Photo: National Park Service

When the National Park Service announced cashless entrance fees at many of its parks in the United States, including Lassen Volcanic National Park, it was met with outrage. Many claimed that the new policy was illegal, especially for a federal agency, to deny cash tender.

Now, a lawsuit has been filed against the NPS, hoping to bring cash back to popular outdoor destinations.

Three national park enthusiasts have filed a lawsuit against the National Park Service (NPS), challenging its increasing shift towards cashless transactions for park entrance fees. Esther van der Werf, Toby Stover, and Elizabeth Dasburg argue that the NPS’s policy is not only unreasonable but also in violation of federal law, which mandates U.S. currency as valid for all public charges.

This legal battle emerged following incidents at several national parks, including Organ Pipe Cactus National Monument and Saguaro National Park, where the plaintiffs were refused entry for attempting to pay with cash.

The lawsuit highlights a broader concern among park visitors who are either unable or choose not to use non-cash payment methods. Despite the convenience of digital payments, the plaintiffs emphasize that the NPS’s cashless policy excludes a significant portion of the population, potentially infringing on their right to access public lands. They are not seeking to eliminate the use of credit cards or digital payments within the parks but are urging the court to make cash payments an available option once more.
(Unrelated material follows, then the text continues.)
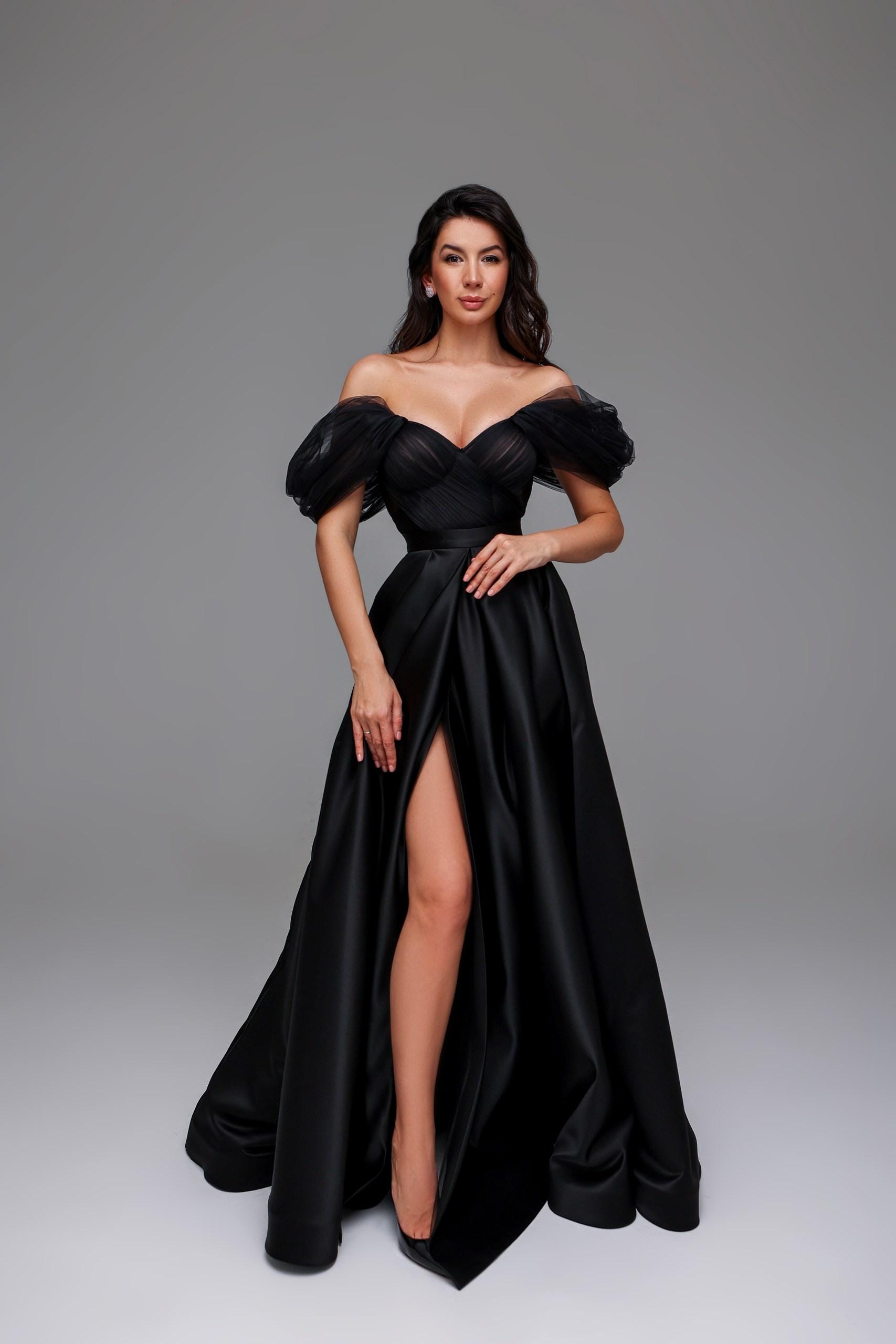 Black Strapless High-Slit Evening Dress With Gauze - Gothic Wedding Dress Y2386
Among the parks that have transitioned or are planning to transition to cashless systems are notable names like Mount Rainier, Death Valley, and Lassen Volcanic National Parks. These parks have cited the efficiency and reduced cost of handling electronic payments as key reasons for the shift. However, the lawsuit contends that the move towards cashlessness incurs additional processing fees and may impose unforeseen costs on visitors, including bank fees and personal surcharges.

The national parks named in the lawsuit, alongside Lassen Volcanic National Park, are at the forefront of this contentious move to cashless transactions. As this legal challenge unfolds, it underscores the tension between modernizing payment systems and ensuring equitable access to America’s cherished natural landscapes.

Active NorCal

Telling the Stories of Northern California


  1. I had an interesting and disappointing experience with the no-cash, no staff system.

    Last fall, I arrived at the north entrance to Lassen before 5pm. I wanted to pay for an annual pass, but couldn’t do so with the cashless system and no staff present. I paid the $30 entrance fee planning to pass back trough the park in 2 days and use the receipt to apply the entrance fee money to my annual pass.

    Internet road conditions for highway 89 said the road was open through the park and there was no indication at the entrance station that the park road was closed. I drove 10 mile into the park and found the road closed. I had to backtrack 30 miles to get to my destination and with the road closed, I would not be driving back trough the park in 2 days.

    I guess I was an early victim of the cashless – staffless system. I considered it my annual donation to the National Parks Service.